Entries provided:
◇ ◇ ◇ ◇
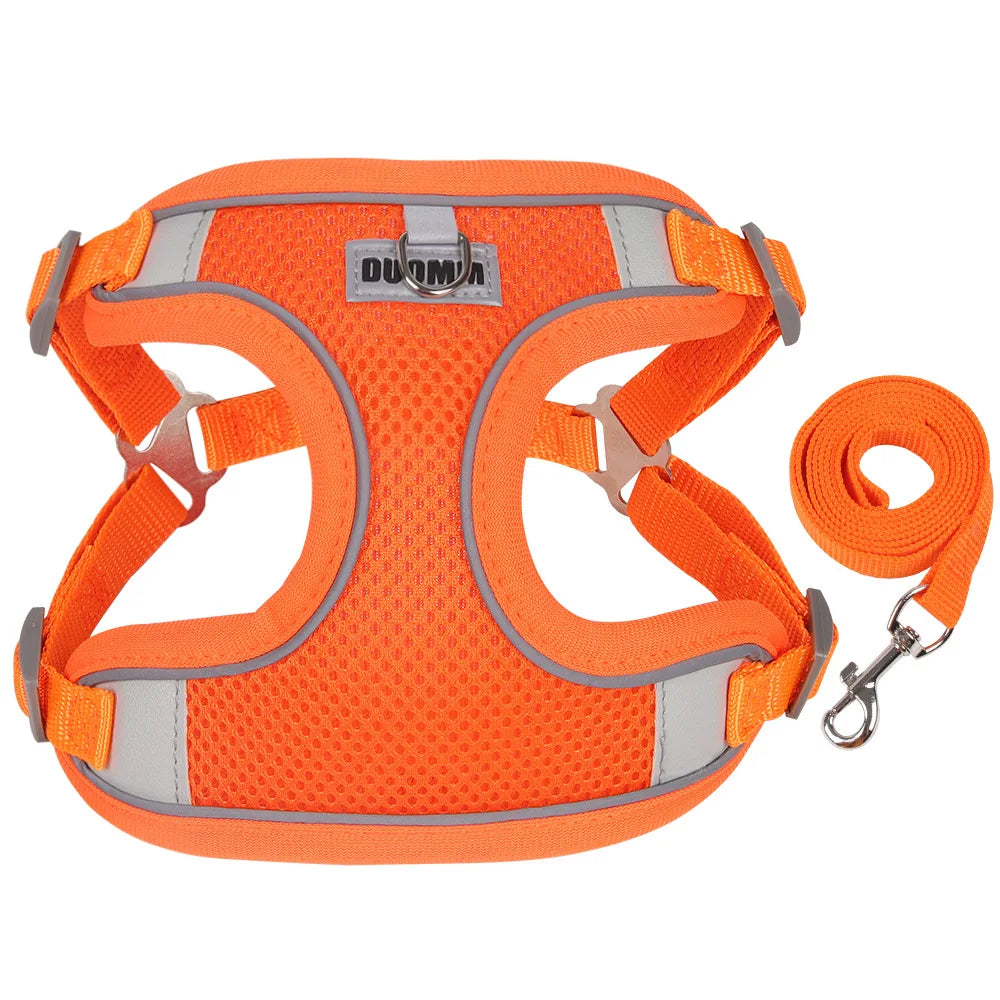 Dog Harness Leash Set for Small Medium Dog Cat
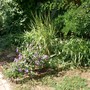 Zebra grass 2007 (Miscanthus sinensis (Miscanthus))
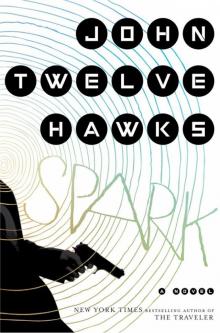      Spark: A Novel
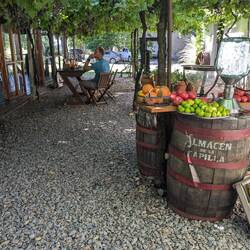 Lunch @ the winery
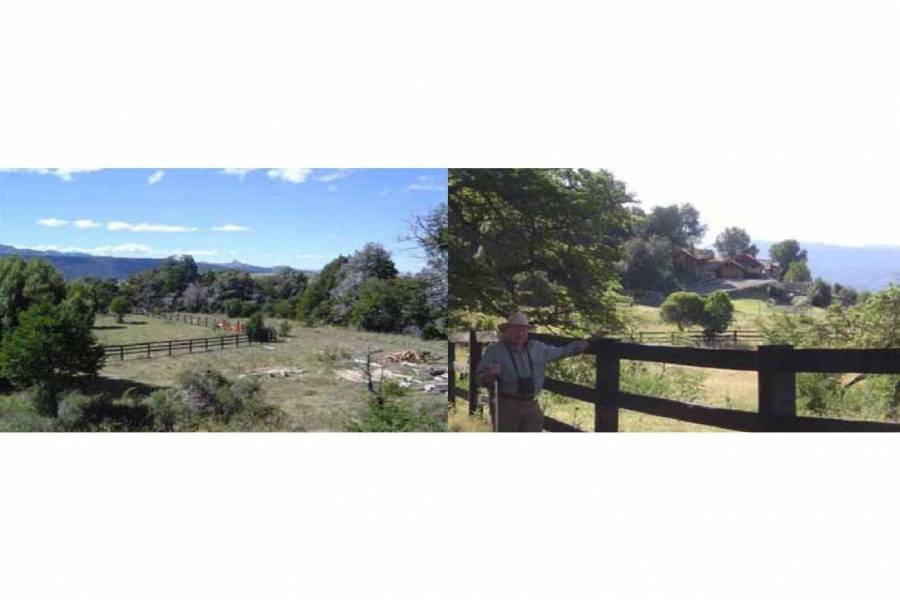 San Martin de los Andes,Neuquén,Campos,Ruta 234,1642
◇ ◇ ◇ ◇
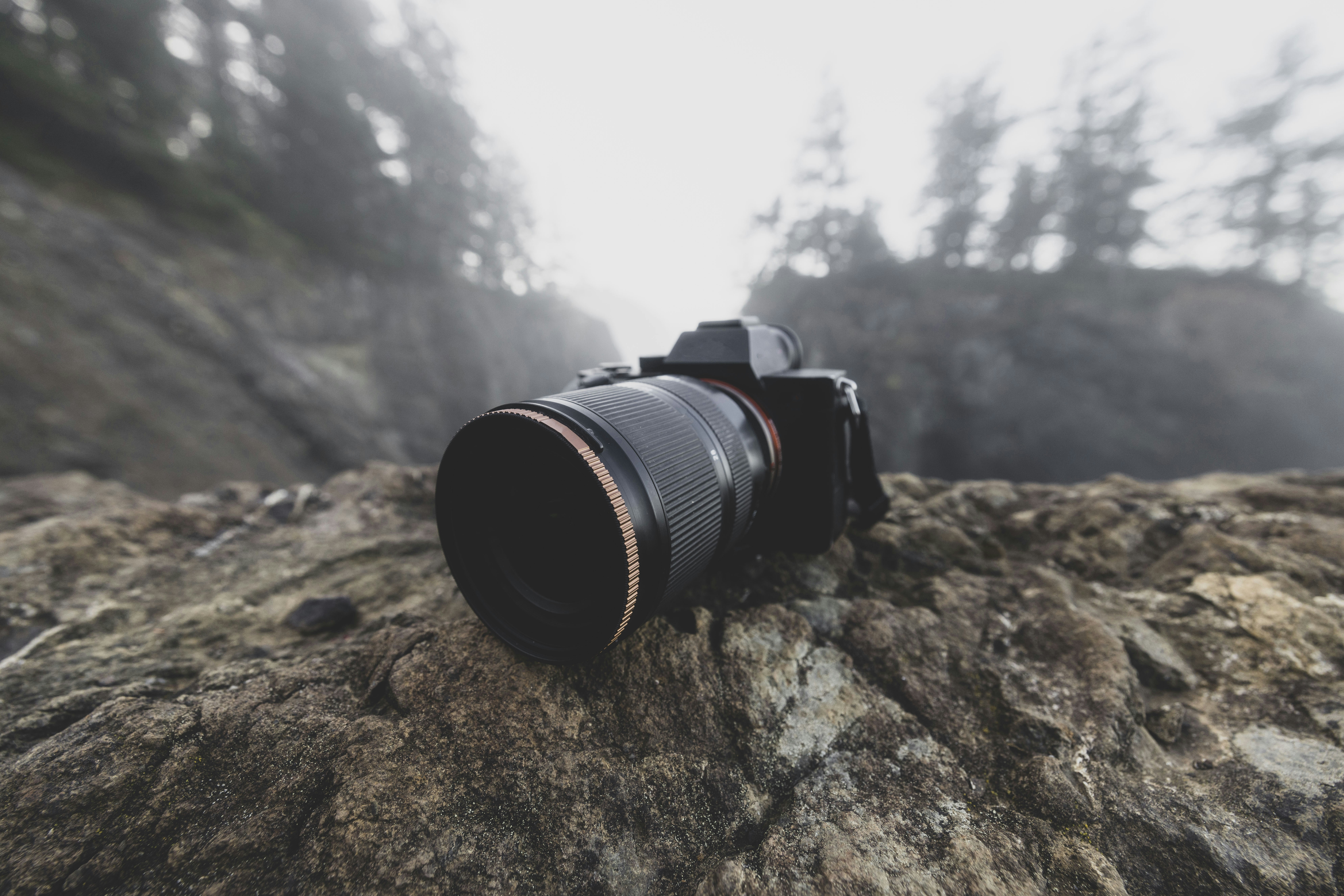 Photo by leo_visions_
◇ ◇ ◇ ◇
Action item:
Nothing but the lines above, starting at the line that contains "Dog Harness Leash" and ending at the line that contains "San Martin de", should be given again, exactly and without the pictures.

Solution to this exercise:
 Dog Harness Leash Set for Small Medium Dog Cat
 Zebra grass 2007 (Miscanthus sinensis (Miscanthus))
      Spark: A Novel
 Lunch @ the winery
 San Martin de los Andes,Neuquén,Campos,Ruta 234,1642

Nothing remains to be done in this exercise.